В этот день Питирим Николаевич жутковато напился, и его нос разбух, налившись мрачным багрянцем, и стал болтаться, как вымя недоенной коровы.
--
Проснувшись утром следующего дня, трясущийся, с пересохшим ртом и распухшим языком, он решил до конца исполнить свою трагическую роль честного и обреченного человека, ибо другой у него не было. Он посмотрел на старую мать и сумасшедшего брата и понял, что их требования к нему больше не действительны. Он удостоил вниманием убогое свое жилище и даже вымученно усмехнулся, обжегшись разумением, что больше ничто не связывает его с этими обшарпанными, мрачными стенами.

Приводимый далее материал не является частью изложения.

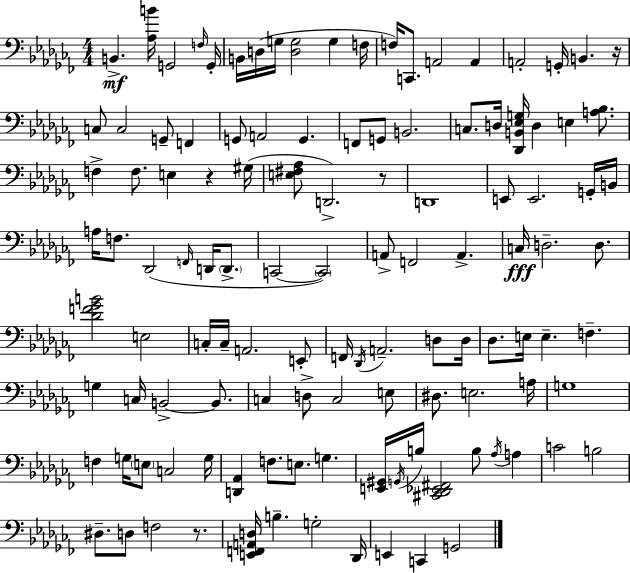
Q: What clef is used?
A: bass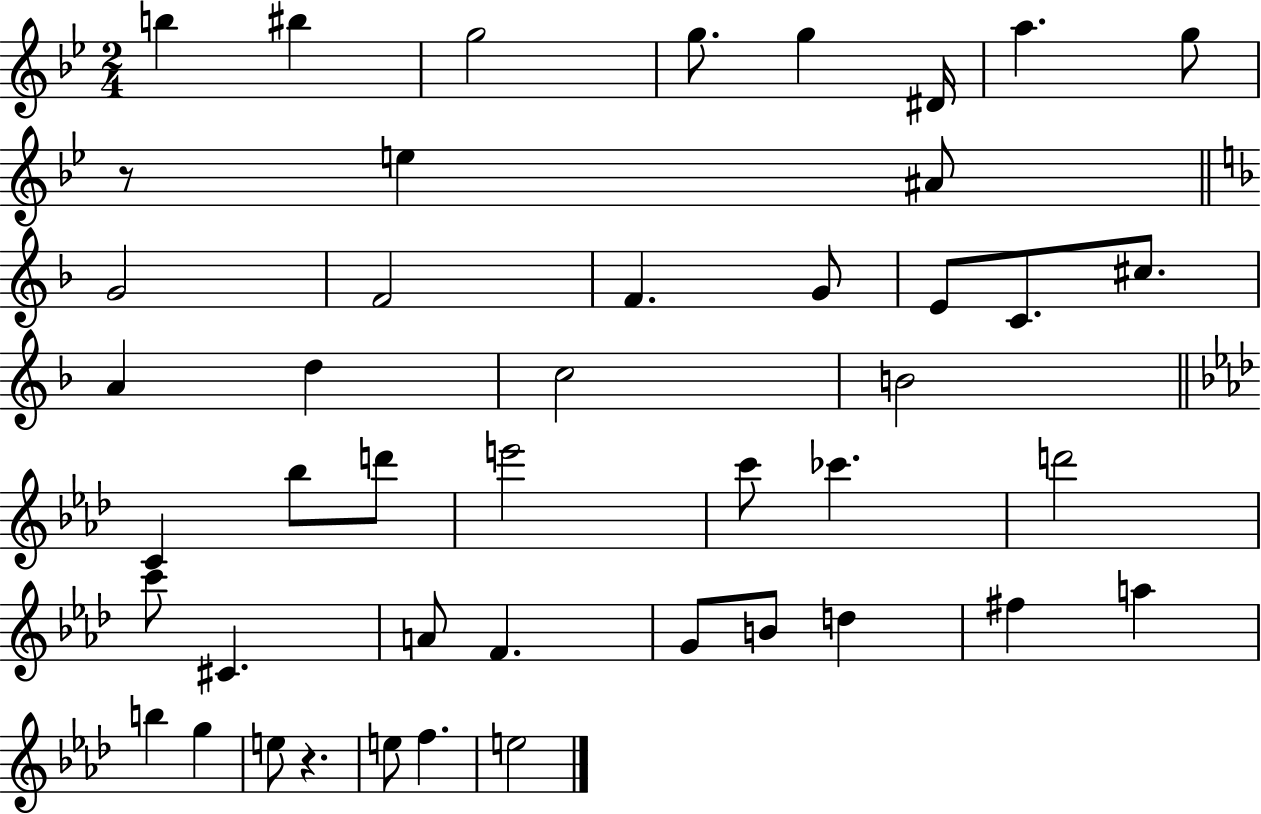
B5/q BIS5/q G5/h G5/e. G5/q D#4/s A5/q. G5/e R/e E5/q A#4/e G4/h F4/h F4/q. G4/e E4/e C4/e. C#5/e. A4/q D5/q C5/h B4/h C4/q Bb5/e D6/e E6/h C6/e CES6/q. D6/h C6/e C#4/q. A4/e F4/q. G4/e B4/e D5/q F#5/q A5/q B5/q G5/q E5/e R/q. E5/e F5/q. E5/h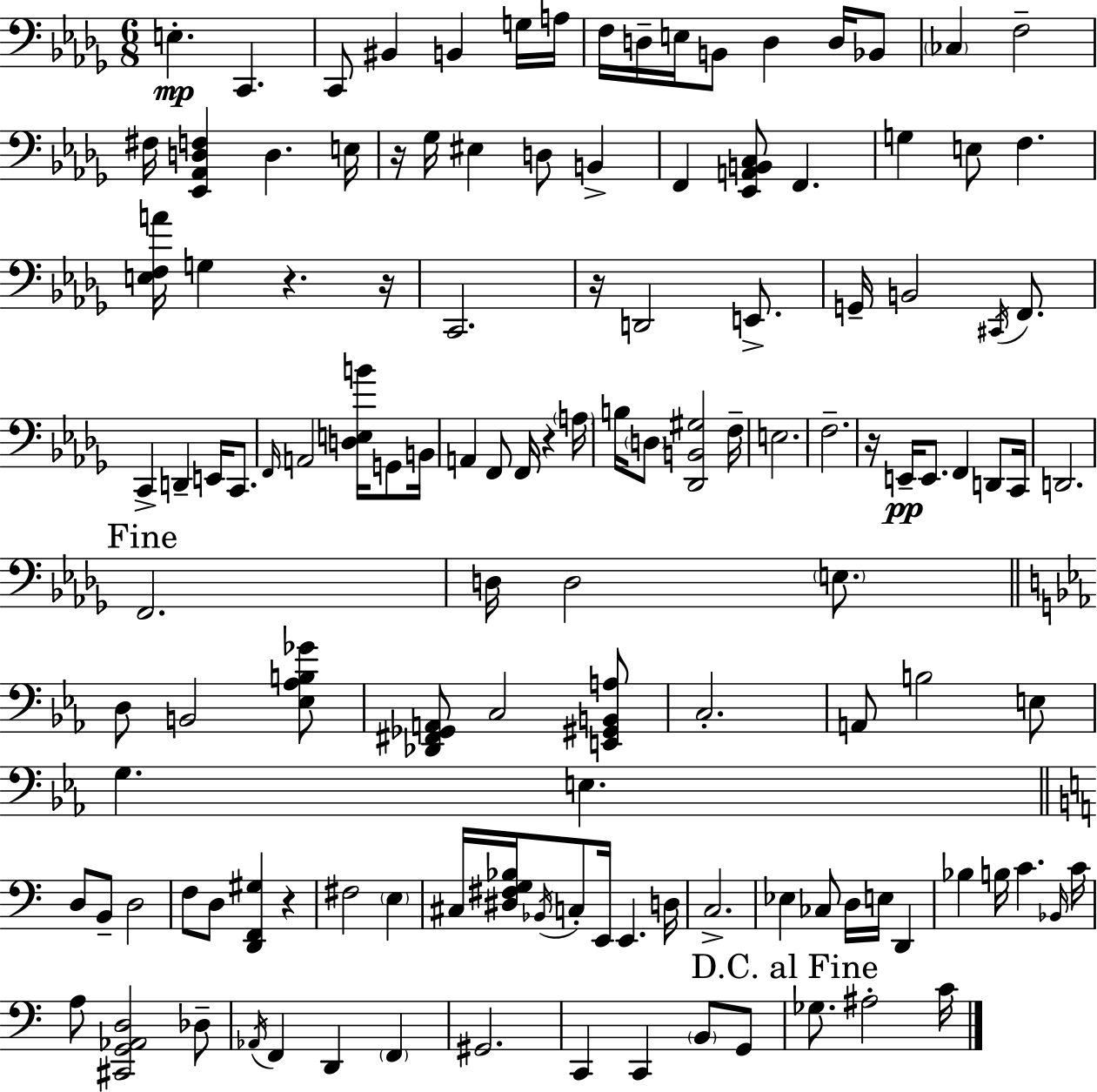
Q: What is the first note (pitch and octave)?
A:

Он нашел следователя, который вел дело Руслана, познакомился с ним и произнес длинную речь, стремясь полнее обрисовать свой образ честного и бескорыстного, но слегка оступившегося человека, незадачливого идеалиста.

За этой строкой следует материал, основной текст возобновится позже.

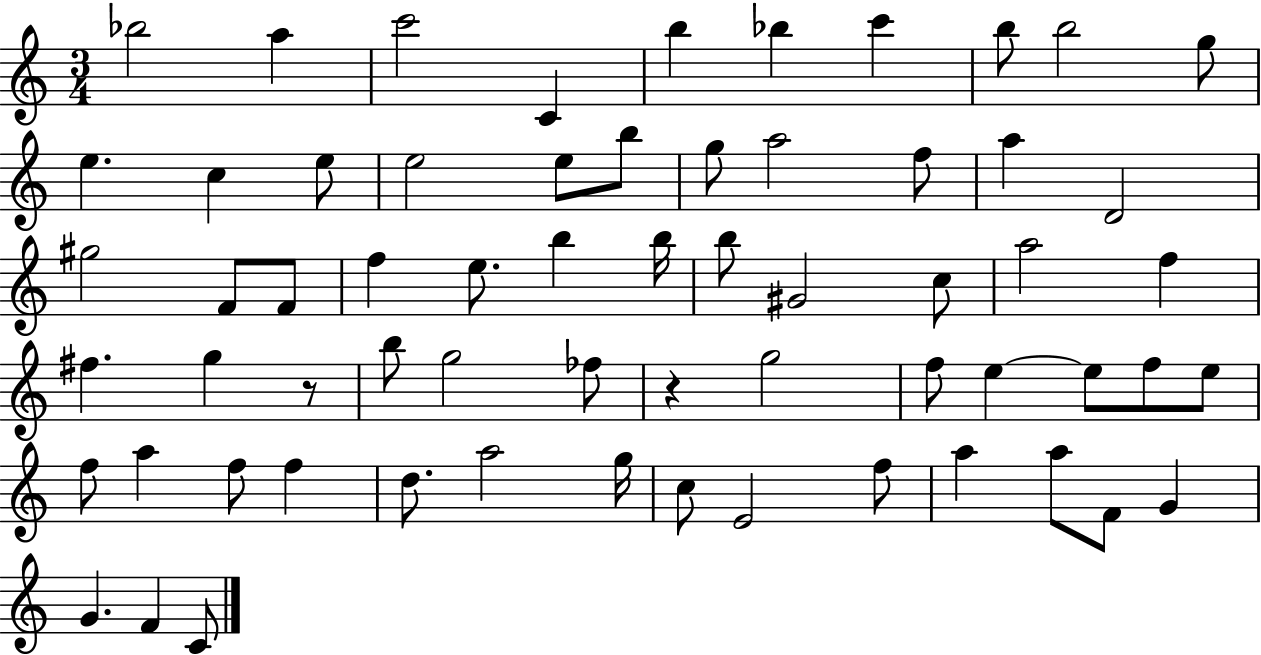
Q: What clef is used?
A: treble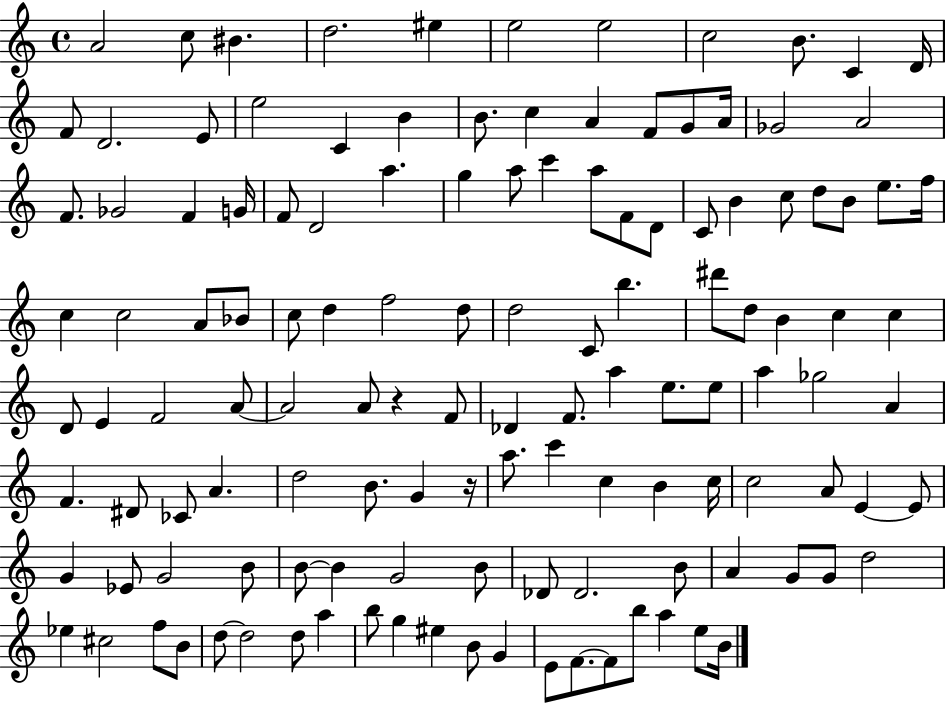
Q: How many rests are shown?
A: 2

— Я человек, в общем-то, особенный, — говорил он. — Этим я не хочу сказать, что будто бы лучше других, хотя, может быть, и лучше… Но рассуждать о собственном превосходстве вообще, это значит утверждать превосходство над всем человечеством, а так далеко я не захожу. Я толкую лишь о некоторой своей исключительности, указываю вам на свою сознательную обособленность, Андрей Кириллович. Понимаете ли вы мою обособленность? Она обусловлена уже тем, что я пишу книжки, а большинство этого не делает. А если принять во внимание тот факт, что среди пишущих я не только не последний, но один из лучших, то моя обособленность вырисовывается с предельной ясностью. Я не имею ничего против тех, кто не пишет книжек… пока они не начинают портить мир и путаться под ногами у тех, кто их пишет. А портить этот мир они начали давно, и я пришел в мир, давно испорченный ими. Так что же мне оставалось, как не обособиться? Моя позиция подразумевает, что я не делаю ничего хорошего, если на минутку забыть, что я пишу хорошие книжки, но тем более не делаю и ничего плохого. Я как бы стою в стороне, и даже без всякого «как бы». Порой напиваюсь в стельку… но за это ведь не привлечешь меня к суду? И все же порой у меня сдают нервы, и я бунтую против некоторого сорта людей… я говорю об издателях, очень нечистоплотных издателях, чья продукция отравляет умы и души доверчивых читателей. В частности, о Льве Исаевиче Плинтусе… Я поднял на него руку в кафе «Гладкое брюхо»… запишите этот существенный факт! Я не мог поднять на него руку лично, поскольку в то время моя рука… вообразите себе такую странность!.. была клешней, но я отдал приказ мальчику, то есть Руслану Полуэктову… и, то есть, не приказ, а так, крикнул, разгорячившись: бей этого! — имея в виду подвернувшегося на нашем пути мерзавца Плинтуса. Это мои показания, и вы должны их внести в протокол, а мальчика освободить как невиновного, как поддавшегося моим бездумным внушениям… Мальчик не успел осмыслить, что я фактически не в себе, и поднял на Плинтуса, личность которого, если между нами, не внушает мне ни малейшего почтения, руку, а затем в операционной совершил всем хорошо известный благородный акт самопожертвования… Как же выходит, что за маленький безрассудный поступок его осуждают и проклинают, а за большое и благородное дело и не думают превозносить до небес?